24 juin 2024

Isabelle Verhulst

Isabelle Verhulst
Head of Wealth Analysis & Planning


Suite à une donation ou à un héritage, il est fréquent qu’un parent et un enfant se retrouvent en situation de démembrement sur des avoirs bancaires, à savoir:

  • Le parent détient l’usufruit sur les comptes bancaires, ce qui signifie qu’il peut en percevoir les revenus (intérêts ou dividendes) mais pas puiser dans le capital.
  • Les enfants détiennent la nue-propriété des avoirs bancaires. Cela signifie qu’ils en sont juridiquement propriétaires mais qu’ils sont privés des droits de jouissance et d’usage.

Quelle que soit son origine, cette situation de démembrement a pour conséquence d’assurer à l’usufruitier le maintien d’un certain niveau de revenus et l’assurance de pouvoir continuer à gérer seul ces avoirs.


Les enfants ne deviennent en principe plein propriétaires des biens qu’au décès du parent.


Cette situation peut cependant ne pas forcément convenir aux parties, par exemple:


Paul et Jacqueline sont mariés et disposent chacun d’un patrimoine relativement important, constitué exclusivement d’avoirs bancaires. Ils ont deux enfants majeurs, Yvan et Théo.

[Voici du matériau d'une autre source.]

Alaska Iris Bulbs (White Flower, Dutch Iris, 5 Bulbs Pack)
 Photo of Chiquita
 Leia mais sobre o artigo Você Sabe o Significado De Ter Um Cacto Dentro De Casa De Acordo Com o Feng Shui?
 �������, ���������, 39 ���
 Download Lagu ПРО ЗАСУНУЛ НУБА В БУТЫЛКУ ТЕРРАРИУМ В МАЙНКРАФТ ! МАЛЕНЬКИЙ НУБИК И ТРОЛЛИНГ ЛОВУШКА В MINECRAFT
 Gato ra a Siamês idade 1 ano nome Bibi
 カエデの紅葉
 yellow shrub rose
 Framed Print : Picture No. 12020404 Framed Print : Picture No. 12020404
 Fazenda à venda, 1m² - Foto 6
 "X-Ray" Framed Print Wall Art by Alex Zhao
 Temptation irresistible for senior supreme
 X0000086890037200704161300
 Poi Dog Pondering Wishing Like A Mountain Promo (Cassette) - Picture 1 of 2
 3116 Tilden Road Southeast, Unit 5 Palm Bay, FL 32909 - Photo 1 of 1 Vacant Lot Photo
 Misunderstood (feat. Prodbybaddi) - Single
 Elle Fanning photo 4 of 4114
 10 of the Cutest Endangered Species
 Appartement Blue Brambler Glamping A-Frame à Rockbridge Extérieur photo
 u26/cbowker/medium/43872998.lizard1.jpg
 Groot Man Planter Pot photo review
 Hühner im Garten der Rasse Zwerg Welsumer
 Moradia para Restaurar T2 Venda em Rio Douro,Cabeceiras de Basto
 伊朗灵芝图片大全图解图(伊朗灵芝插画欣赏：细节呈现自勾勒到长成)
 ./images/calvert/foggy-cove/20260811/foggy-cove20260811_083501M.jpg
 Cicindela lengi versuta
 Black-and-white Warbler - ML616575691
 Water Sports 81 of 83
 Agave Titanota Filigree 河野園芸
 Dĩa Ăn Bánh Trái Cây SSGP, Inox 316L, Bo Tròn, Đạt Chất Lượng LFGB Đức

Paul décède à 85 ans, laissant derrière lui son épouse et ses deux fils. En l’absence de testament, Jacqueline recueille l’usufruit sur la succession, Yvan et Théo la nue-propriété.


Jacqueline est âgée et, disposant d’un patrimoine propre confortable, elle n’a pas besoin des revenus que lui procure cet usufruit. En revanche, Yvan et Théo ont des projets qui nécessiteraient un apport de fonds, et pourraient donc utiliser une partie de ce capital. Par ailleurs, vu son grand âge, Jacqueline n’a plus forcément la volonté d’assurer la gestion au quotidien de ces avoirs.


Comment mettre fin à cette situation de démembrement?


Il est possible pour le parent de renoncer à son droit d’usufruit. De cette manière, les nus-propriétaires deviennent immédiatement plein propriétaires, sans devoir attendre le décès de l’usufruitier.


Au niveau de la pratique bancaire?

Au niveau bancaire, une simple signature de l'usufruitier (dans notre exemple, le parent) et des nus-propriétaires (dans notre exemple, les enfants) est en principe généralement suffisante pour réaliser la libération des avoirs au nom des nus-propriétaires.


Au niveau juridique et fiscal?

Renoncer à son usufruit est en principe une démarche que l’on peut réaliser sans formalité, sauf en matière immobilière où un acte devant le notaire est toujours nécessaire.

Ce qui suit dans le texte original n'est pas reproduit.